BEGIN EXERCISE INPUT

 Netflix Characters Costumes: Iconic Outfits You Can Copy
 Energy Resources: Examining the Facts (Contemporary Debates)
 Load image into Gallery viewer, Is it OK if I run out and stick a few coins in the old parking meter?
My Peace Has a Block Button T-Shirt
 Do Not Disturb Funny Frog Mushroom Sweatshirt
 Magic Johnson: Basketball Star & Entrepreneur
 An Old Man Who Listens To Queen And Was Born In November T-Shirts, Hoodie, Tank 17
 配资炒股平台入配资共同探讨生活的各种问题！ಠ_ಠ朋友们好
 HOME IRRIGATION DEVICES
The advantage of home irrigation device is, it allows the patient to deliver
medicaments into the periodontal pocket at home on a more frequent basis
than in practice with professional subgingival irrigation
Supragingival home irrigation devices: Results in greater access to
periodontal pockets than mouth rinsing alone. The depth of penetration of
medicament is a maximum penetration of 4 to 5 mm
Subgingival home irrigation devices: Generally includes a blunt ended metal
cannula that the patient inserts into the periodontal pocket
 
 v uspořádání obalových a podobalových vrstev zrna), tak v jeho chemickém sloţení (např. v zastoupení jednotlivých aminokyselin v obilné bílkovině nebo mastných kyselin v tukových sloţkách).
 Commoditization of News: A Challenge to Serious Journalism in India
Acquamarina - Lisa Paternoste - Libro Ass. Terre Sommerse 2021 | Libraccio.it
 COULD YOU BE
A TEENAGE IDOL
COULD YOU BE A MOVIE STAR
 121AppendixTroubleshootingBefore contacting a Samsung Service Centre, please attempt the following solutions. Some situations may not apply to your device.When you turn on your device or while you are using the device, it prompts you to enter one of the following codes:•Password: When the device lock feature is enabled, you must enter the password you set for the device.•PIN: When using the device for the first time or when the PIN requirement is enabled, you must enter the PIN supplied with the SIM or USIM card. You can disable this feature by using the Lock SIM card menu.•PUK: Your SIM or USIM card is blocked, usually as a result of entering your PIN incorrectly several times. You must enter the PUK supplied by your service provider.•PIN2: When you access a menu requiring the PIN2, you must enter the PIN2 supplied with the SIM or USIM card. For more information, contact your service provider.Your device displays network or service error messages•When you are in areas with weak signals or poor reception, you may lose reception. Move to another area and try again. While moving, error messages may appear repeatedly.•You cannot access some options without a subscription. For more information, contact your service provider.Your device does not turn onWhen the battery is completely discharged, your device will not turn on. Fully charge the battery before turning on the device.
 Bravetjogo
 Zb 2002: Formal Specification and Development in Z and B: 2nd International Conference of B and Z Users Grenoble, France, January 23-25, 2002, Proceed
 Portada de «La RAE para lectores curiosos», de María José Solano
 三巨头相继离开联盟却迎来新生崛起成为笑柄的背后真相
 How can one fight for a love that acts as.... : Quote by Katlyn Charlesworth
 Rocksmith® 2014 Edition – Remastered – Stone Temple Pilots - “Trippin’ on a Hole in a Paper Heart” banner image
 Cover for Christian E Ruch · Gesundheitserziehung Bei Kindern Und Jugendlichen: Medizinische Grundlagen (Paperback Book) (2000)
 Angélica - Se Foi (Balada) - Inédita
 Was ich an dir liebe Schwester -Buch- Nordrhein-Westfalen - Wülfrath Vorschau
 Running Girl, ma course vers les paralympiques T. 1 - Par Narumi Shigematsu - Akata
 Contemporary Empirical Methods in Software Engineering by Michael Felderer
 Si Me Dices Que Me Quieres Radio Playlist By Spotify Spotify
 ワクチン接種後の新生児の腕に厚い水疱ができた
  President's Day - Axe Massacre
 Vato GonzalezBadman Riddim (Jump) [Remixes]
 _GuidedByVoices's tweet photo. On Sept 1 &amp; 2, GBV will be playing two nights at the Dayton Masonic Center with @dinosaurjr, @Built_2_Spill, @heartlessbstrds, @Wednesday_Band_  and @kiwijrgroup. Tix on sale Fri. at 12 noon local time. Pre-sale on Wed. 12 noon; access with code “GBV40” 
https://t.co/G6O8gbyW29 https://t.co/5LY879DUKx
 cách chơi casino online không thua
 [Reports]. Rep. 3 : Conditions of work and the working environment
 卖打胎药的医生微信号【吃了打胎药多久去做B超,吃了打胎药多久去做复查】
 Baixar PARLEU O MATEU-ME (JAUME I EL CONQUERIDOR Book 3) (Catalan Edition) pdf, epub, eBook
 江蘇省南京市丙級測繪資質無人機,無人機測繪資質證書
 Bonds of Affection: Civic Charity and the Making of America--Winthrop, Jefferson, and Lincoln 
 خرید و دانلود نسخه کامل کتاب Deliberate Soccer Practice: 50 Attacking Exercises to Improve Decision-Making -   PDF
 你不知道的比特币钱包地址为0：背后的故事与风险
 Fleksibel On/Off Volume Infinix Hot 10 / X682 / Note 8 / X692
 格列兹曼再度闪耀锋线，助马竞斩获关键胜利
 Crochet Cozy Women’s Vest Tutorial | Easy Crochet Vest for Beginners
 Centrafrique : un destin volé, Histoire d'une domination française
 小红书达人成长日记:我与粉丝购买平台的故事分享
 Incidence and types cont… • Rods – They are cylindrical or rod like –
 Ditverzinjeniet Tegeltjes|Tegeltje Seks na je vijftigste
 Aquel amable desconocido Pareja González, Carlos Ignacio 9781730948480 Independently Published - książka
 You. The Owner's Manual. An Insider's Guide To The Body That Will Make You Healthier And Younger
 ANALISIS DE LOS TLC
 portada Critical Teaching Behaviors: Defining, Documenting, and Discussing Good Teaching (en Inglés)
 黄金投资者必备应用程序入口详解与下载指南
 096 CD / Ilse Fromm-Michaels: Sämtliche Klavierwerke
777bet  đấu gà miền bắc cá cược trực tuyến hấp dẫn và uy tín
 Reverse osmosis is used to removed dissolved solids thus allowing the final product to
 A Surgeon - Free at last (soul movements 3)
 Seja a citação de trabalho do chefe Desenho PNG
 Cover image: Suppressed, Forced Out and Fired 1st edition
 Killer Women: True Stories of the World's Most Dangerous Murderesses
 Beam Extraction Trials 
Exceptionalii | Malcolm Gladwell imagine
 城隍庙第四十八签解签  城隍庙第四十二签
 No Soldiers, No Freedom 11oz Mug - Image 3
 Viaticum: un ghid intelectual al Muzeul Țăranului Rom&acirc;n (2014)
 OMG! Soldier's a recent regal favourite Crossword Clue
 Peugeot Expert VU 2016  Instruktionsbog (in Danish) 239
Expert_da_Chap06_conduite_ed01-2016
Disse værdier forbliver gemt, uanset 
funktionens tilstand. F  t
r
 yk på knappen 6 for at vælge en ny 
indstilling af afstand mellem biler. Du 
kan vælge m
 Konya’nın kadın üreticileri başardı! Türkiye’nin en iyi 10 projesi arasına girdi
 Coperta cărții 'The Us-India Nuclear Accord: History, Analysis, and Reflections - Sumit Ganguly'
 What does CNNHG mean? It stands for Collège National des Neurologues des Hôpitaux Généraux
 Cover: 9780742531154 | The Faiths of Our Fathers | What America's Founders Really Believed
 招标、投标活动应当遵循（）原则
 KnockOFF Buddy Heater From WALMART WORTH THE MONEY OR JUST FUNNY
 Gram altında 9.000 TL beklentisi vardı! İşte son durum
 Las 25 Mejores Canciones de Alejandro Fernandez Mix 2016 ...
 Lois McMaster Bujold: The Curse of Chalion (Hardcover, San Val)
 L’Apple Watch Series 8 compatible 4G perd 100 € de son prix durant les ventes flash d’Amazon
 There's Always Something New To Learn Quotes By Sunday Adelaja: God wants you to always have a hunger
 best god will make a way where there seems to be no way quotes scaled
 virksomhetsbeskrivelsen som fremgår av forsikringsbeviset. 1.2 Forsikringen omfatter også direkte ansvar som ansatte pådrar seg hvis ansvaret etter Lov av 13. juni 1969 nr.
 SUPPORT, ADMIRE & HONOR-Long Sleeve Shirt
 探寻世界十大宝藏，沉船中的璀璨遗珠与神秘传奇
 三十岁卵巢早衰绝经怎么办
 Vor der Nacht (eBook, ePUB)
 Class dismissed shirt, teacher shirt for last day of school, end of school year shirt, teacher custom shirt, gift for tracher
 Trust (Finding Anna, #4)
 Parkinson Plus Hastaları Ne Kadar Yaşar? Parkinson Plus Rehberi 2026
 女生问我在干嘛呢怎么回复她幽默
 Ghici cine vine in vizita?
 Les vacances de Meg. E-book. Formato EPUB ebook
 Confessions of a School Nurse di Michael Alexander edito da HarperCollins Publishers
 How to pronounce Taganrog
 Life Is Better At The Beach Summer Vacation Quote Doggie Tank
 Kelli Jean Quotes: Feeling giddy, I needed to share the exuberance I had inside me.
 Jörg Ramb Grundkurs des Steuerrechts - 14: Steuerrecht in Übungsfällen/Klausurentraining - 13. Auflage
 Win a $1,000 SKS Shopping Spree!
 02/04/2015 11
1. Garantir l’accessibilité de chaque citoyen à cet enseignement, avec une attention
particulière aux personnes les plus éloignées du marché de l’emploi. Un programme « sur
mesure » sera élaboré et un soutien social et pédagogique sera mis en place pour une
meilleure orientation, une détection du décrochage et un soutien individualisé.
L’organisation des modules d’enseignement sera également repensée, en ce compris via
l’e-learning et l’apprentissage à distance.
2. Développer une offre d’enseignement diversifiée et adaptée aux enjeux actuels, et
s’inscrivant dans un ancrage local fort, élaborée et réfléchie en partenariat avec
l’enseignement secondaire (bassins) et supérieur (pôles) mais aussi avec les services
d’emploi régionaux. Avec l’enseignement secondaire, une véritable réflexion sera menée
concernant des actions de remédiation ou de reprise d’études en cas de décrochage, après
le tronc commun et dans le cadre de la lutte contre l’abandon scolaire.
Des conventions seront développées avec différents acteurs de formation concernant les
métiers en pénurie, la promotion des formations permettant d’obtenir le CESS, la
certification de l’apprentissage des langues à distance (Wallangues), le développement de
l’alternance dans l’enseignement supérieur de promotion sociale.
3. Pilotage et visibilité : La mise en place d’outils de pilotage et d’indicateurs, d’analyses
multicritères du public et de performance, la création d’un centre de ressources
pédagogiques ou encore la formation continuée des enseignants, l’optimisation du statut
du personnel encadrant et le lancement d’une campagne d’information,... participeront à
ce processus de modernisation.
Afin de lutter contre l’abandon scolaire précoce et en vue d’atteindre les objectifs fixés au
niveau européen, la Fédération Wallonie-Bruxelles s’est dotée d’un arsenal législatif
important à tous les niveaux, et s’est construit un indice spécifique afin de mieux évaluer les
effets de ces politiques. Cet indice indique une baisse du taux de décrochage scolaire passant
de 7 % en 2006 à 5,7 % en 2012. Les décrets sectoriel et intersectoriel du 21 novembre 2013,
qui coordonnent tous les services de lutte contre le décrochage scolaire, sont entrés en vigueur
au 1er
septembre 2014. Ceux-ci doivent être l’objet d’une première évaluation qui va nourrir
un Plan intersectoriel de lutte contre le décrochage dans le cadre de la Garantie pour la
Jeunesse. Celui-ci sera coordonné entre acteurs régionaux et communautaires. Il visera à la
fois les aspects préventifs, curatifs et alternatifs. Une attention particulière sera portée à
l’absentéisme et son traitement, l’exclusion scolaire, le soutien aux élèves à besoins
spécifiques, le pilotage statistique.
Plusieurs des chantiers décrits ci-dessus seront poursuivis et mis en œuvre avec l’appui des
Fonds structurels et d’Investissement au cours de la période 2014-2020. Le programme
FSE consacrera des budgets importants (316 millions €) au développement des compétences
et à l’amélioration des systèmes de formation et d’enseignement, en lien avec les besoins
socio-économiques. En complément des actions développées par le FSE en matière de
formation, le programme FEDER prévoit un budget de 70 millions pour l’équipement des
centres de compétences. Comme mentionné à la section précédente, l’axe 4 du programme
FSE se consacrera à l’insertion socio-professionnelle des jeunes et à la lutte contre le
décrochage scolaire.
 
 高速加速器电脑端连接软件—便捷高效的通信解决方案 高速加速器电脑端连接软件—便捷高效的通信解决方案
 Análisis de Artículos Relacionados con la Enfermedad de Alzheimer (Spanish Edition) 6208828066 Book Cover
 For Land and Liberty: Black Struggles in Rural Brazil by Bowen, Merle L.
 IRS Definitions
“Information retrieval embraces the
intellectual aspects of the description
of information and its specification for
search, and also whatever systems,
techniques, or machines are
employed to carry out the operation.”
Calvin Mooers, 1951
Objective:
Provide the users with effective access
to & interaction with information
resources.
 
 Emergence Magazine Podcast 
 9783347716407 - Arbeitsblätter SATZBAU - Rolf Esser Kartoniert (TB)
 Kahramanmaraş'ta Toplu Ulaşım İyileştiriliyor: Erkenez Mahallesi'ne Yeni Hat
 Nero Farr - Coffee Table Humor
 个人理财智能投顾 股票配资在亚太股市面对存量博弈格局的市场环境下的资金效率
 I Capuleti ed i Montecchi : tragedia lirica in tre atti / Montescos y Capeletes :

END EXERCISE INPUT

§ **WHAT IS BEING ASKED**:
Restate the data verbatim through the "COULD YOU BE A MOVIE STAR" line.

§ **EXPECTED ANSWER**:
 Netflix Characters Costumes: Iconic Outfits You Can Copy
 Energy Resources: Examining the Facts (Contemporary Debates)
 Load image into Gallery viewer, Is it OK if I run out and stick a few coins in the old parking meter?
My Peace Has a Block Button T-Shirt
 Do Not Disturb Funny Frog Mushroom Sweatshirt
 Magic Johnson: Basketball Star & Entrepreneur
 An Old Man Who Listens To Queen And Was Born In November T-Shirts, Hoodie, Tank 17
 配资炒股平台入配资共同探讨生活的各种问题！ಠ_ಠ朋友们好
 HOME IRRIGATION DEVICES
The advantage of home irrigation device is, it allows the patient to deliver
medicaments into the periodontal pocket at home on a more frequent basis
than in practice with professional subgingival irrigation
Supragingival home irrigation devices: Results in greater access to
periodontal pockets than mouth rinsing alone. The depth of penetration of
medicament is a maximum penetration of 4 to 5 mm
Subgingival home irrigation devices: Generally includes a blunt ended metal
cannula that the patient inserts into the periodontal pocket
 
 v uspořádání obalových a podobalových vrstev zrna), tak v jeho chemickém sloţení (např. v zastoupení jednotlivých aminokyselin v obilné bílkovině nebo mastných kyselin v tukových sloţkách).
 Commoditization of News: A Challenge to Serious Journalism in India
Acquamarina - Lisa Paternoste - Libro Ass. Terre Sommerse 2021 | Libraccio.it
 COULD YOU BE
A TEENAGE IDOL
COULD YOU BE A MOVIE STAR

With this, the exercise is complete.